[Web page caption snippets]
+-------+

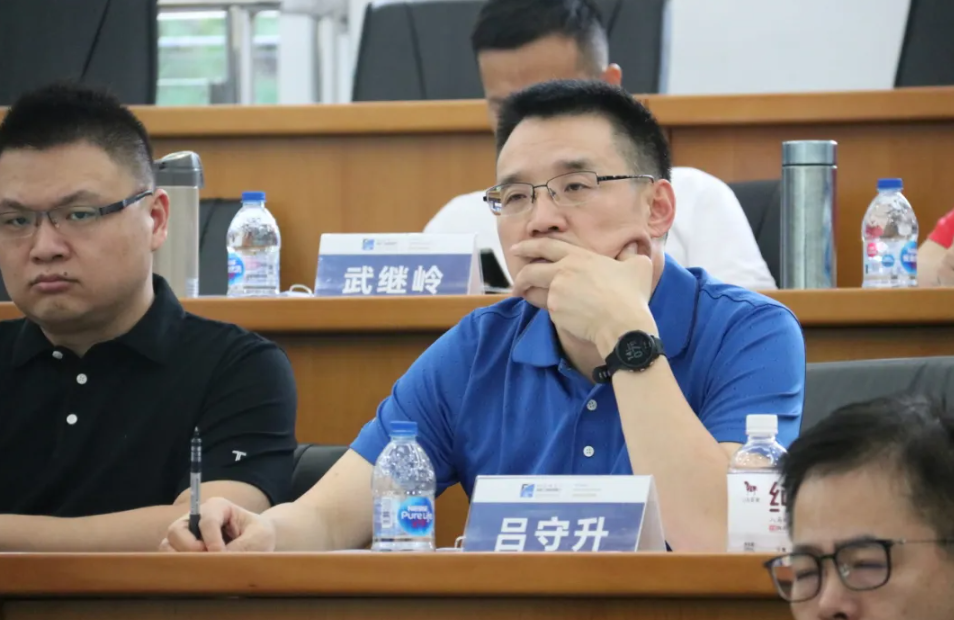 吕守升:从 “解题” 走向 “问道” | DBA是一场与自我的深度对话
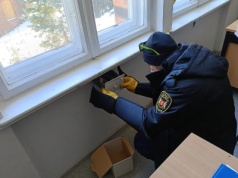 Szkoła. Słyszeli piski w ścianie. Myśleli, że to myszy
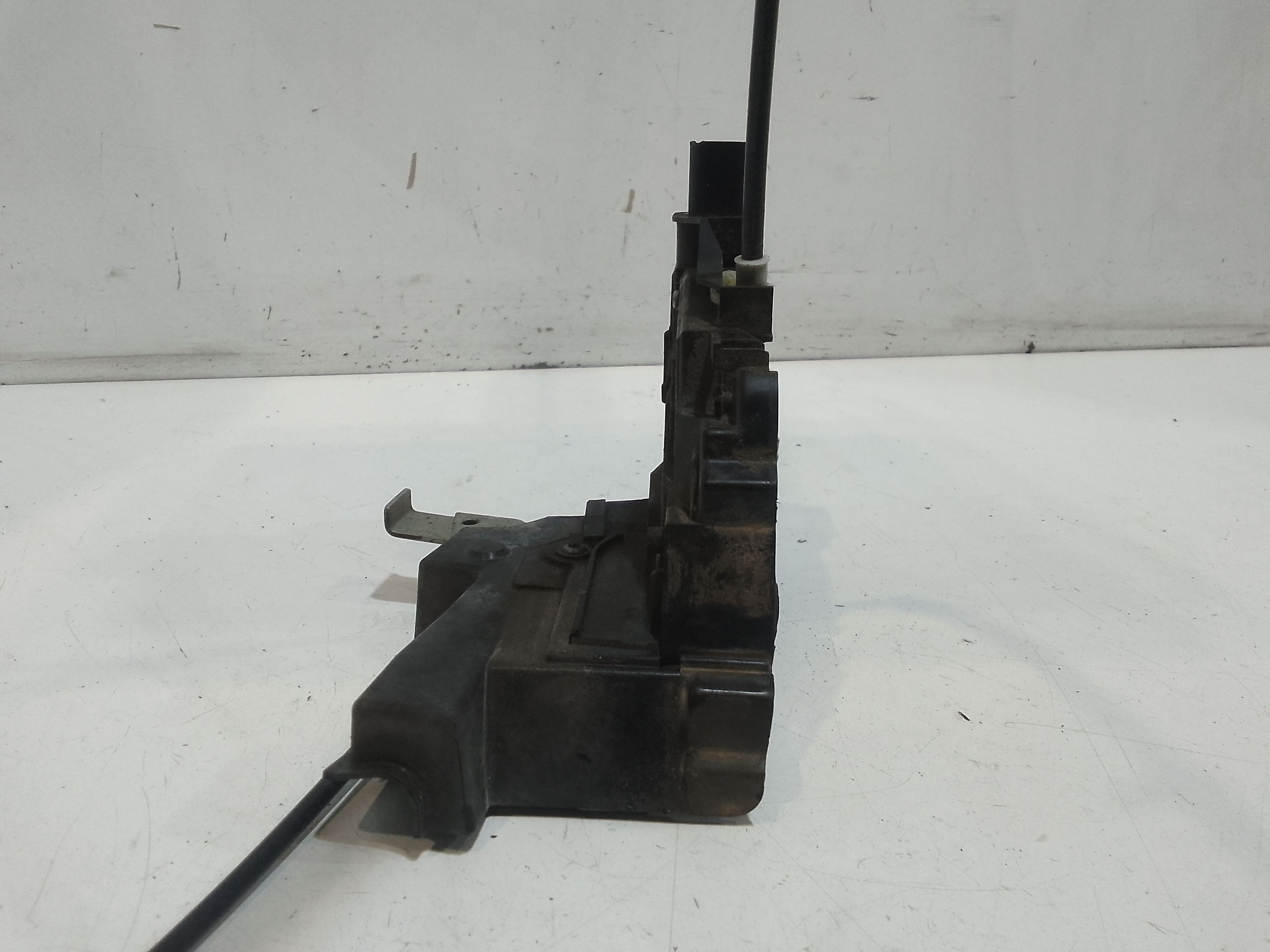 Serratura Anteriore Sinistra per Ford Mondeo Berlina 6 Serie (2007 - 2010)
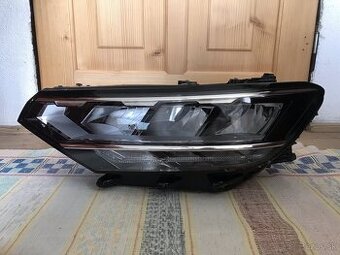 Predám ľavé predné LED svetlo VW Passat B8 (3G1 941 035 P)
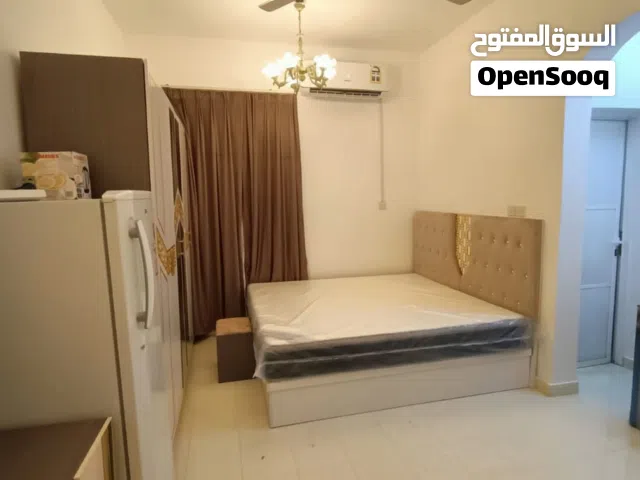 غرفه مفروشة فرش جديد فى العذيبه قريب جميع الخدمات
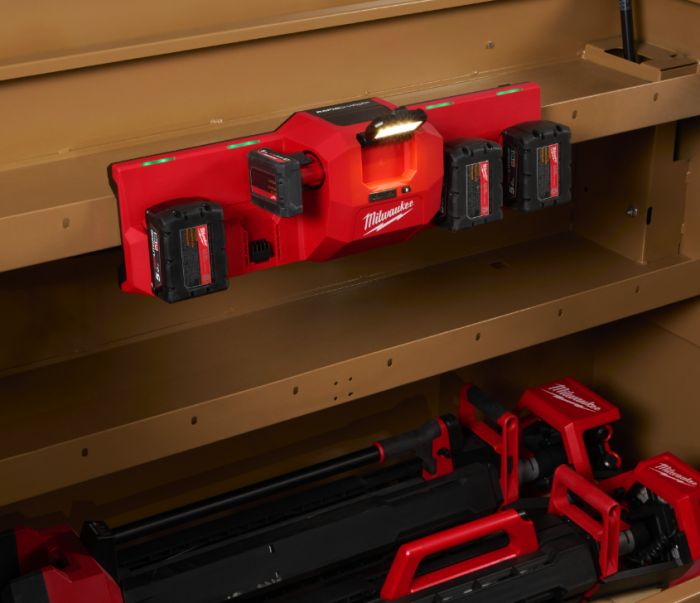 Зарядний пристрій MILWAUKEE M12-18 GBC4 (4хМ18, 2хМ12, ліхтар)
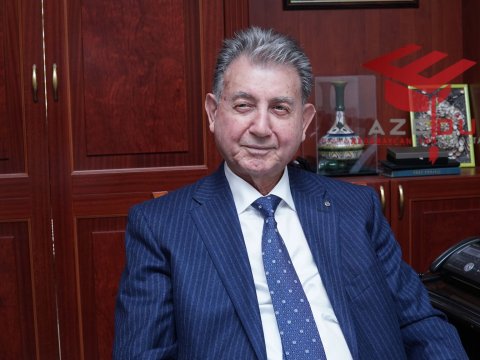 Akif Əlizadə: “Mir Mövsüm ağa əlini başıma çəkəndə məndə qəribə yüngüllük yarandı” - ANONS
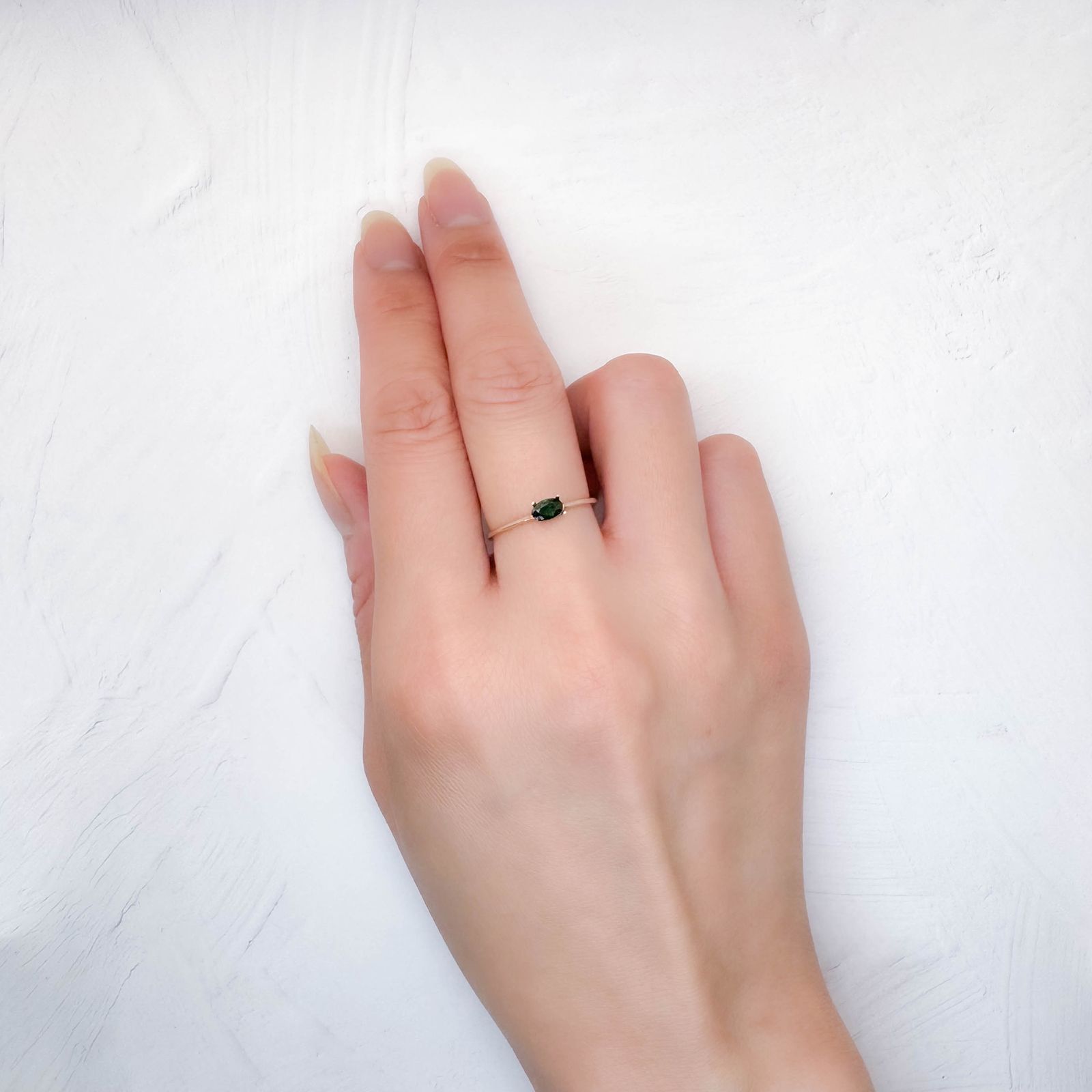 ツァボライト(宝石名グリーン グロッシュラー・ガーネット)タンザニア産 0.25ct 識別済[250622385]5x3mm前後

+-------+

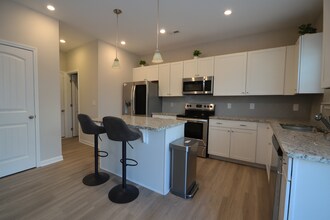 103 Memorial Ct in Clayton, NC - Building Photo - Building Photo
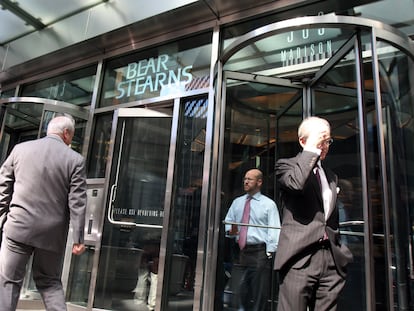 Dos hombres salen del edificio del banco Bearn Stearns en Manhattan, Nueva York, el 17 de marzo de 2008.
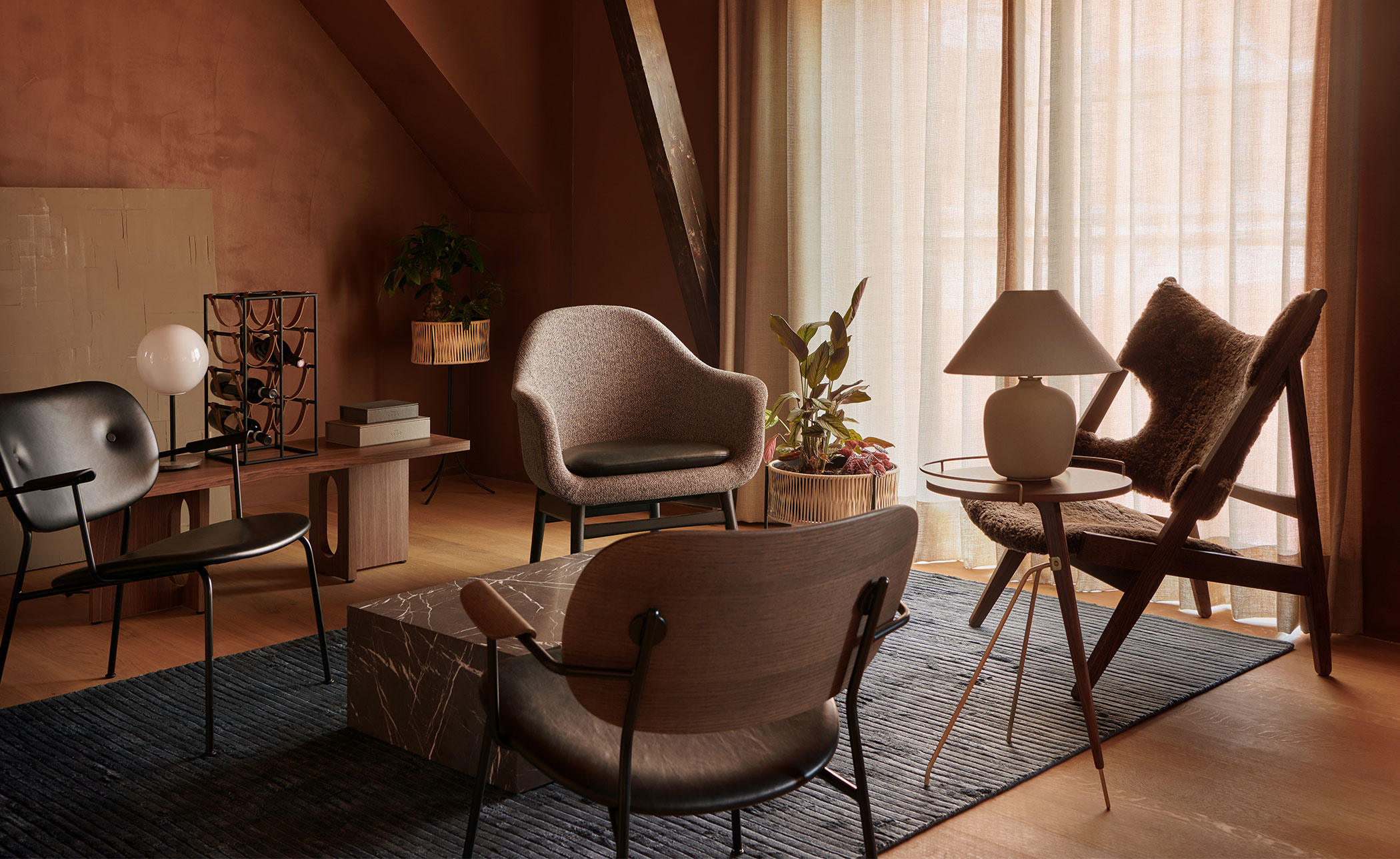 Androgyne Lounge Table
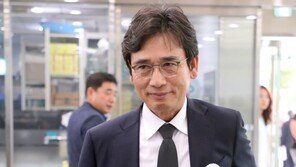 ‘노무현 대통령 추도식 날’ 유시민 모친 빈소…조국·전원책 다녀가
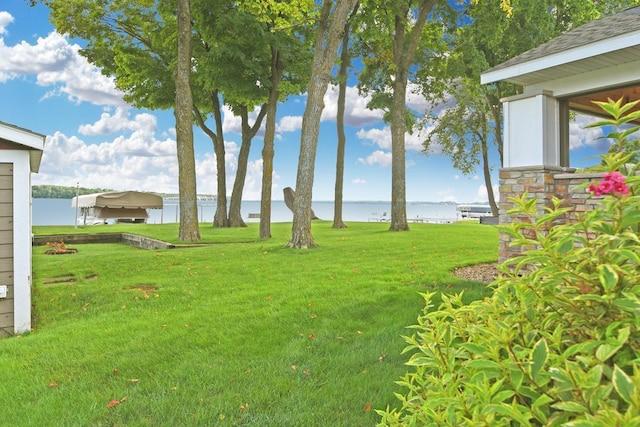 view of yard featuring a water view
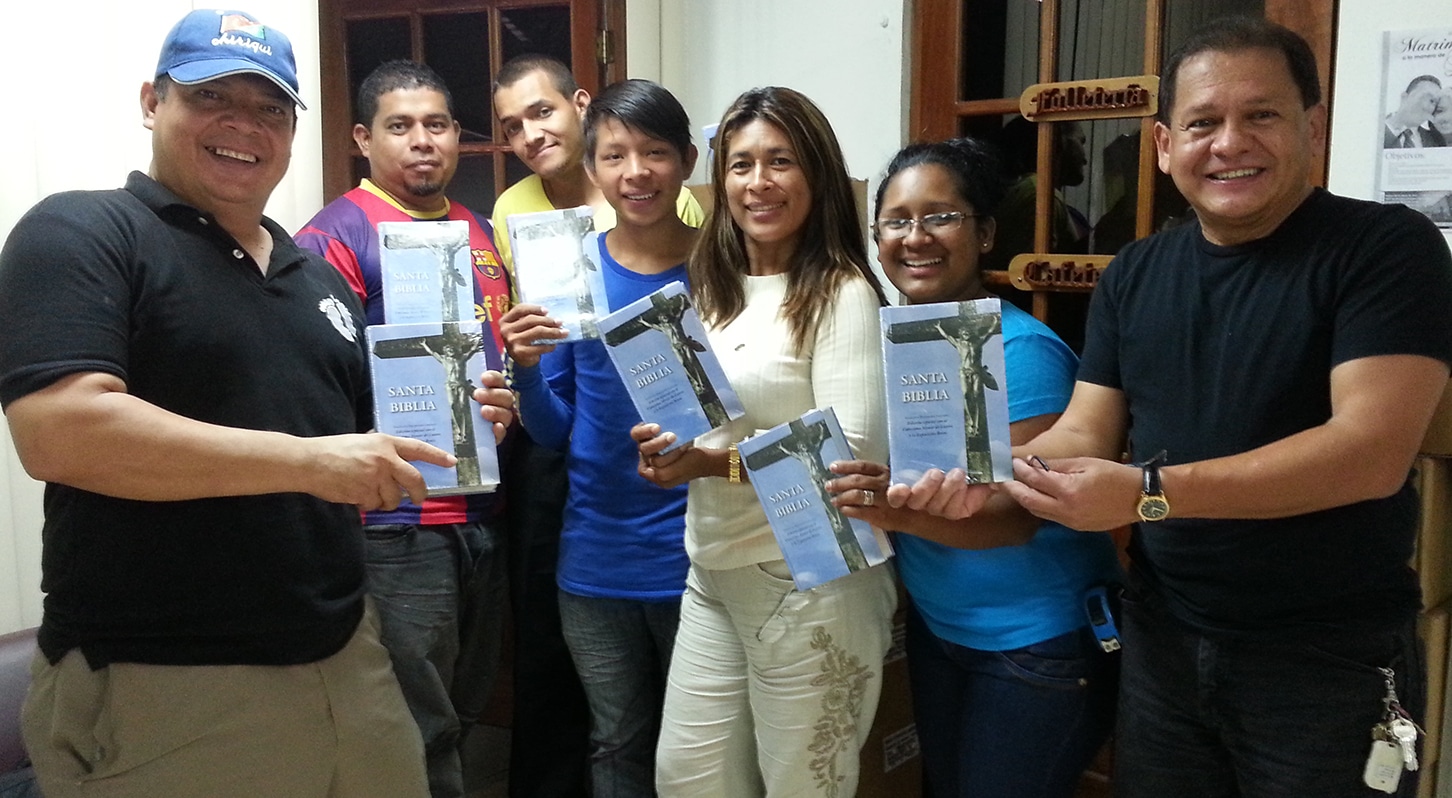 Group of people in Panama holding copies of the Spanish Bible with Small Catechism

+-------+

[PROBLEM REQUIREMENTS]
From the data above, return exactly the lines from the one with "Szkoła. Słyszeli piski" up to and including the one with "ツァボライト(宝石名グリーン グロッシュラー・ガーネット)タンザニア産 0.25ct". Pictures do not go in the copy.

[OUTPUT]
 Szkoła. Słyszeli piski w ścianie. Myśleli, że to myszy
 Serratura Anteriore Sinistra per Ford Mondeo Berlina 6 Serie (2007 - 2010)
 Predám ľavé predné LED svetlo VW Passat B8 (3G1 941 035 P)
 غرفه مفروشة فرش جديد فى العذيبه قريب جميع الخدمات
 Зарядний пристрій MILWAUKEE M12-18 GBC4 (4хМ18, 2хМ12, ліхтар)
 Akif Əlizadə: “Mir Mövsüm ağa əlini başıma çəkəndə məndə qəribə yüngüllük yarandı” - ANONS
 ツァボライト(宝石名グリーン グロッシュラー・ガーネット)タンザニア産 0.25ct 識別済[250622385]5x3mm前後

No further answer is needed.